Le recourant omet totalement d'indiquer, même de façon seulement fragmentaire et approximative, l'objet essentiel des déclarations, questions et réponses qui auraient dû être consignées. Il a par ailleurs signé le procès-verbal sans réclamer aucune adjonction ni exprimer aucune réserve. Contrairement à ses affirmations, la Cour d'appel ne s'est pas référée dans son jugement à des déclarations inédites recueillies par elle. Les « nouvelles explications données à l'audience de jugement », selon le texte, remontent aux débats de première instance devant le Tribunal correctionnel; elles divergeaient des dépositions antérieures. Le moyen que le recourant prétend tirer de l'art. 78 al. 3 CPP est inconsistant et doit être rejeté.
 
4. 
Le recourant fait grief à la Cour d'appel d'avoir « systématiquement » écarté sa propre version des faits pour lui préférer celle de sa victime, défavorable à sa cause, et d'avoir ainsi violé la présomption d'innocence consacrée par l'art. 10 CPP. Cette simple protestation est inapte à susciter des doutes sérieux et irréductibles dans le verdict de culpabilité (cf. ATF 127 I 38 consid. 2 p. 40; 124 IV 86 consid. 2a p. 87/88).
 
5. 
L'art. 129 CP rend punissable celui qui, sans scrupules, met autrui en danger de mort imminent; cette règle prévoit une peine privative de liberté de cinq ans au plus ou une peine pécuniaire. Selon la jurisprudence, celui qui étrangle une personne avec une certaine intensité peut la mettre en danger de mort, même si la victime ne perd pas connaissance et qu'elle ne subit pas de lésions sérieuses (ATF 124 IV 53 consid. 2 p. 57/58; arrêts 6B_54/2013 du 23 août 2013, consid. 3.1; 6B_307/2013 du 13 juin 2013, consid. 4.1).
La Cour d'appel constate que le recourant a fait subir à sa victime une strangulation suffisamment forte pour qu'elle perde connaissance et, plus tard, éprouve pendant une semaine des douleurs à la gorge et des difficultés de déglutition. La Cour juge que la victime s'est ainsi trouvée en danger de mort.

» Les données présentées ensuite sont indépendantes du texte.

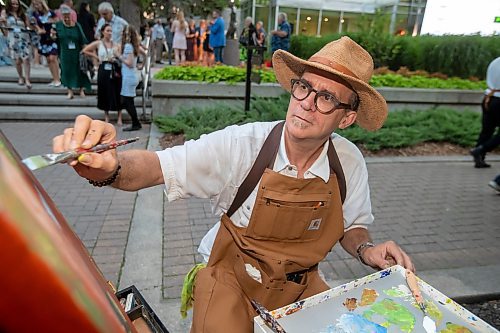 BROOK JONES / FREE PRESS
Artist Andrew S. Hiebert of Ignite Your Imagination focuses as he paints an acrylic painting during A Picnic in Provence - Garden Party 2024 at the Leo Mol Sculpture Garden at Assiniboine Park in Winnipeg, Man., Wednesday, Aug. 28, 2024. The annual fundraiser supports the Assiniboine Park Conservancy and this year's event included 500 guests.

Le recourant souligne inutilement que selon un rapport d'expertise, les lésions subies par la victime et constatées par l'expert n'ont pas mis sa vie en danger. Selon le jugement attaqué, c'est en effet la strangulation qui a engendré le danger de mort, et celui-ci a pris fin avec celle-là. Il importe tout aussi peu que la strangulation n'ait pas laissé de traces visibles sur le corps de la victime. Le recourant argue vainement, encore, d'un passage du jugement indiquant que la victime était « en train de perdre connaissance au moment où des tiers ont mis [le recourant] en fuite », car cela n'exclut pas que la victime ait effectivement perdu connaissance. En tant que l'argumentation présentée porte sur la constatation des faits, elle ne parvient pas à établir l'arbitraire dans l'appréciation des preuves; en tant qu'elle porte sur l'appréciation juridique des faits constatés, elle ne parvient pas à mettre en évidence une application incorrecte de l'art. 129 CP.
 
6. 
Selon l'art. 47 CP, la peine doit être fixée d'après la culpabilité de l'auteur. Cette disposition confère un large pouvoir d'appréciation au juge de l'action pénale. Saisi d'un recours, le Tribunal fédéral n'intervient que lorsque la sanction infligée excède les limites du cadre légal, lorsque l'autorité précédente s'est laissé guider par des critères dépourvus de pertinence ou a méconnu des aspects importants, ou encore lorsque la peine apparaît exagérément sévère ou indûment clémente, au point que la décision attaquée procède d'un abus du pouvoir d'appréciation (ATF 136 IV 55 consid. 5.6 p. 61 i.i.; 135 IV 130 consid. 5.3.1 p. 134).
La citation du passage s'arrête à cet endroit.